_WHAT NEEDS TO BE DONE:_
Everything in the listing should be copied exactly, save for the pictures.

_SOURCE MATERIAL:_
----
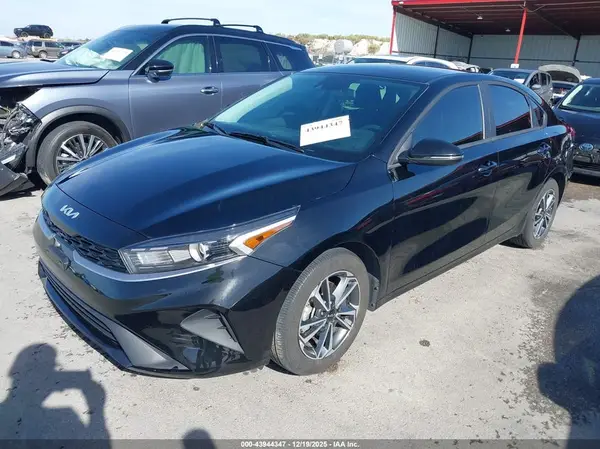 3KPF24AD1RE755496 2024 KIA FORTE - Image 2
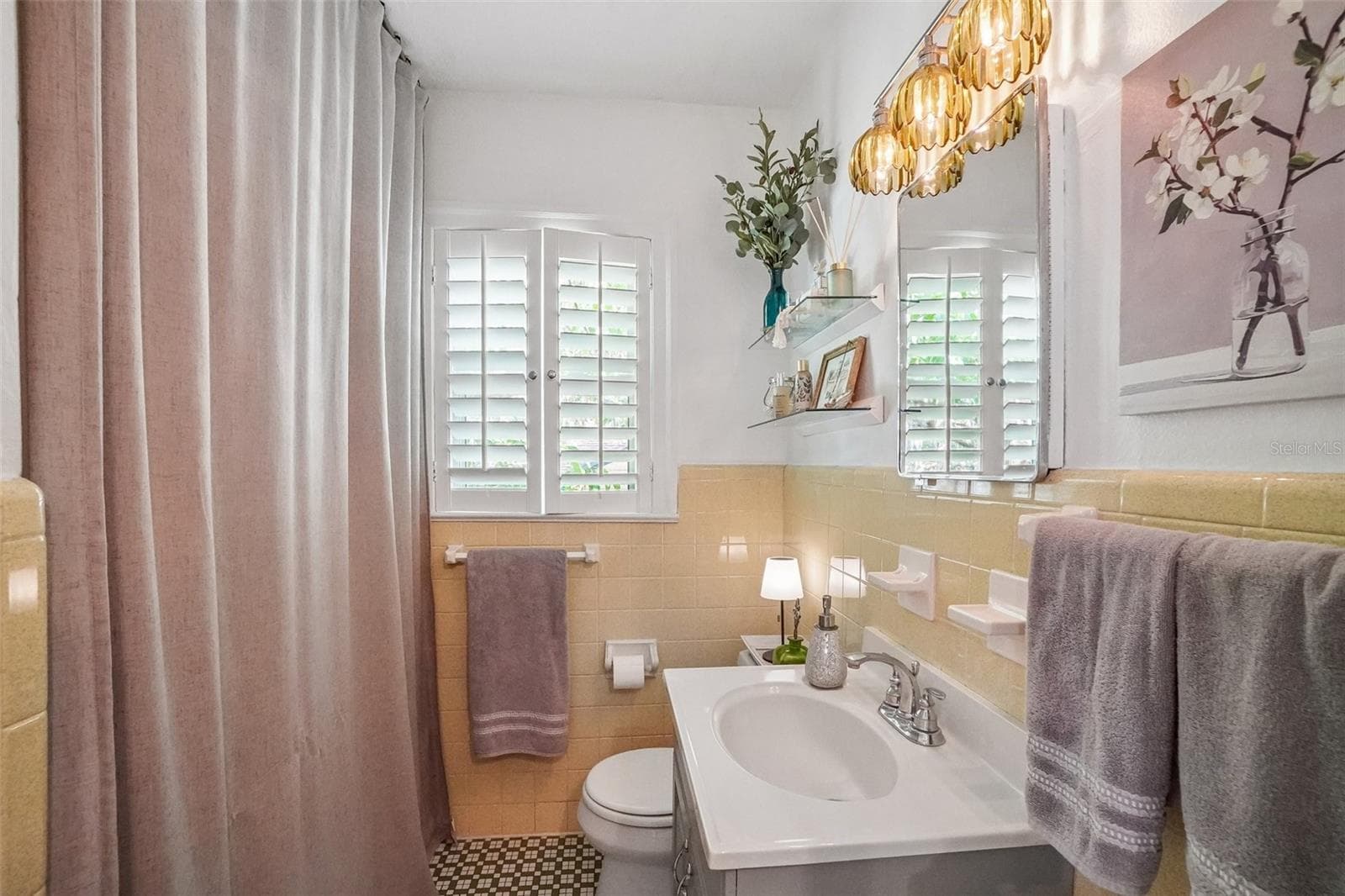 2nd Bath - 1204 E PARK CIR, TAMPA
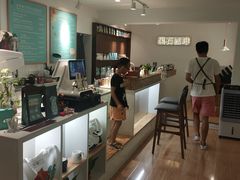 -黑石咖啡(小十字店)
----
_RESPONSE:_
 3KPF24AD1RE755496 2024 KIA FORTE - Image 2
 2nd Bath - 1204 E PARK CIR, TAMPA
 -黑石咖啡(小十字店)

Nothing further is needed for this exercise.